Paddlers face Catch-22

Catch 22

By PHIL BROWN

The common-law right of navigation presents paddlers with a Catch-22: You can’t paddle a waterway unless it’s navigable, and you can’t prove it’s navigable unless you paddle it.

And even if you do paddle it, you can’t be absolutely certain of its legal status.
Consider the route I took from Mud Pond to Shingle Shanty Brook, going through the lands owned by Friends of Thayer Lake. Apart from one short carry around a dam and some rapids, I was paddling the whole time. Since the law allows portages around dams, rapids, and other obstacles, you might think there would be no question about the legality of the trip.

But the legal sense of navigable is not quite the same as the word’s everyday meaning, though there is a lot of overlap. Among other things, the law takes into consideration whether a waterway is navigable in its natural state (as opposed to an impoundment), whether it’s part of a longer canoe route, and how much of the year it can be paddled.

Under the current law, only a court can decide if a waterway is navigable in the legal sense, according to Kenneth Hamm, an attorney with the state Department of Environmental Conservation (DEC).
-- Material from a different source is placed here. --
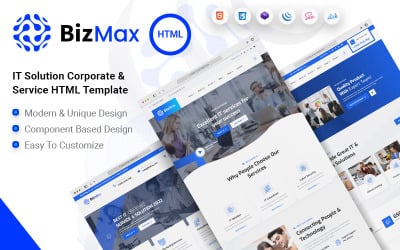 BizMax - šablona HTML pro obchodní služby IT řešení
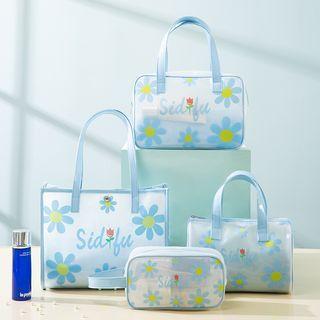 Print Pvc Makeup Pouch / Handbag / Set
Absent such a ruling, he said, “a person doesn’t know whether a waterway is navigable or not.”
Since no court has ruled on the navigability of the Mud Pond-to-Shingle Shanty route, what’s a paddler to do?

Based on my account of the trip, two legal experts said they believe that the route is navigable under the law.

“The very fact that you canoed it is very strong evidence that it’s navigable and should be open to the public,” said John Humbach, a Pace University law professor who co-authored the pamphlet “Public Navigation Rights in New York State.”

“It sounds like it’s completely legal to me,” said Charles Morrison, the pamphlet’s other author.

When Morrison worked at DEC, as the director of natural-resources planning, the agency drew up a list of potentially navigable waterways. That list, he says, included Shingle Shanty Brook. Drafted in 1991, the list was to accompany legislation clarifying navigation rights, but since the bill died, the list was never released. Now retired, Morrison has helped draft similar legislation that he hopes will be passed next year.

The Adirondack Nature Conservancy sold the land to Friends of Thayer Lake in 2007. The buyer had ties to the Brandreth Park Association, which had long owned the recreational rights to the tract. The conservancy included a clause in the deed declaring that the public has the right to navigate the “surface waters” of Mud Pond, its outlet, and Shingle Shanty Brook downstream from the outlet.

In the past, Dennis Phillips, the Brandreth Park attorney, has asserted that the clause is null. Because the conservancy did not own the recreational rights, he said, it could not convey to the public any of these rights—in this case, the right to paddle.

Nonetheless, Humbach, Morrison, and Hamm all agree that if the waterways are navigable under the law, the public has the right to paddle them regardless of who owns the property’s recreational rights. “There’s no way that deeded rights for recreation can supersede the rights of public navigation,” Morrison said.

The Explorer contacted Phillips for this story and offered to publish a statement from the Brandreth family (the extended family comprises the Brandreth Park Association). After consulting with the family, Phillips conveyed the following: “The family has considered the matter of a statement, and it has decided to make no comment at this time.” He said he was not authorized to say anything more.

But one family member, Norm McDonald, did offer an opinion about the Mud Pond-to-Shingle Shanty route in an interview with the Explorer. “From my personal point of view, it is probably something that should be available to the public to paddle,” he said. “The rest of the family might feel differently.”
McDonald, a former president of the association, stressed that the public should not be allowed to paddle upstream on Shingle Shanty Brook beyond the Mud Pond outlet. The brook penetrates deep into the Friends of Thayer Lake tract—land designated as a preserve for scientific research.

The bottom line: until the matter is settled, each paddler will have to make up his or her own mind whether to ignore the chain and posted signs and follow in my wake.

“If they are timid, they should not do what you did,” Humbach said. “If they do not like people trampling on their rights, they can do exactly what you did.”